My heart began to pound. I didn’t have to figure out what she meant. “Not safe at all. You?”
She shook her head and bent to get the narrow brush I’d told her to use around the baseboards. She took the brush and the paint tray over to the window and settled on the floor, giving me plenty of time to wonder why I’d suddenly taken us both into the deep end.
Because I wanted her to know, I decided. I didn’t want her to have any doubts that I was interested, even if I couldn’t do anything about it yet. I wanted her aware of me the way I was aware of her.
I wanted an answer to my question, too.
For a while, it didn’t look as though I was going to get it. She seemed totally focused on the strip of wall she was painting next to the baseboard. At last, not looking up, she said, “I lived with a man for several years. His name was Steven. Steven Francis Blois.”

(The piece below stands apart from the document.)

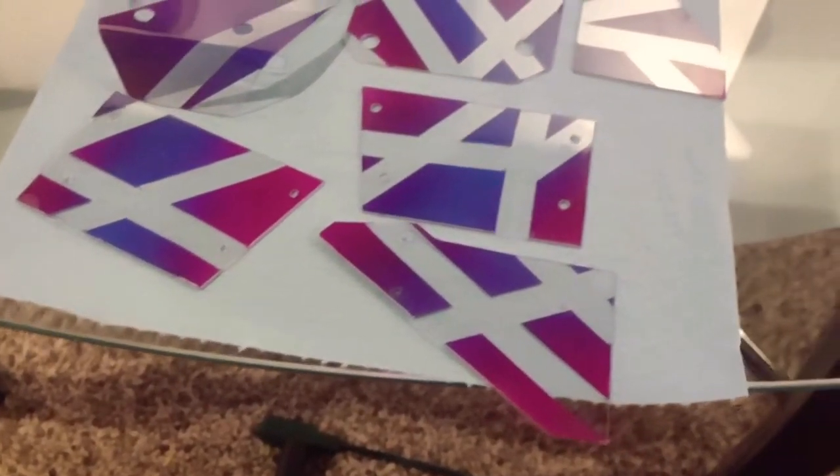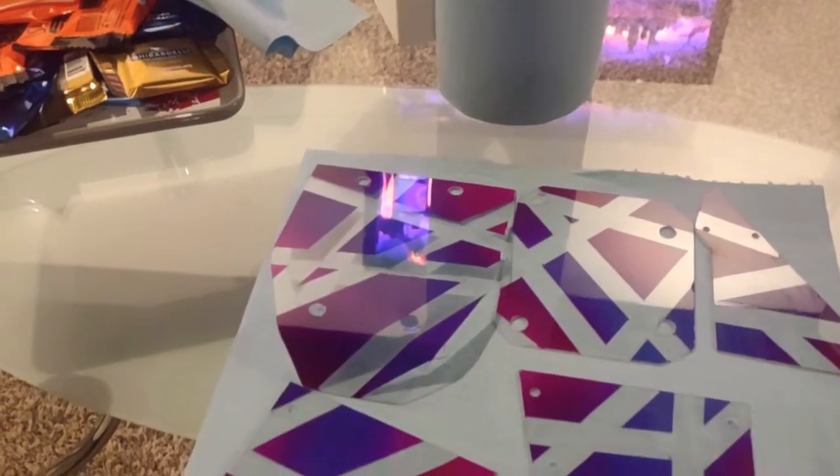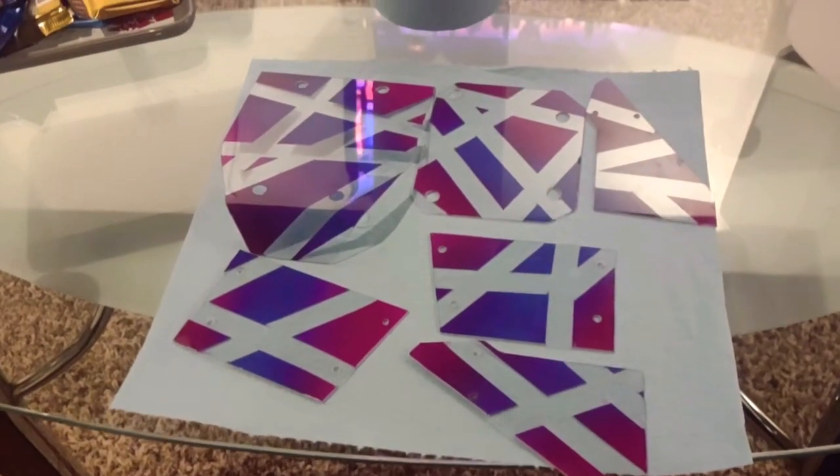I'm going to mount them on the LMT so you get to see how they look. Should be all right — we'll see.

I chewed over that for a moment, then offered, “There was a king of England named Stephen Blois. William the Conqueror’s grandson.”
She snorted. “Oh, yes. Every time Steven was introduced to someone he’d say, ‘no relation.’ When they looked confused or asked what he meant, he’d grin and add, ‘to the former king of England, that is.’”
She bent and dipped her brush in the paint. “It was cute the first dozen or so times I heard it.”
Sounded like she wasn’t hung up on the man anymore. Encouraged, I said, “Stephen wasn’t much of a king. Weak. The country was torn apart during his reign—barons chewing on other barons, eventually civil war.”
“I don’t think Steven knew or cared what kind of a king his namesake had been. He wasn’t interested in history.” She chuckled. “Actually, he was an accountant.”
“An accountant.” That sounded safe and dull. Of course, a builder might sound pretty dull, too. “Doesn’t seem like your type.”
“Do we have types?” She studied her handiwork, then shifted to touch up another section. “I thought he had an open, inquiring mind. He was very New Age, you see. Into meditation, drumming, psychic stuff.”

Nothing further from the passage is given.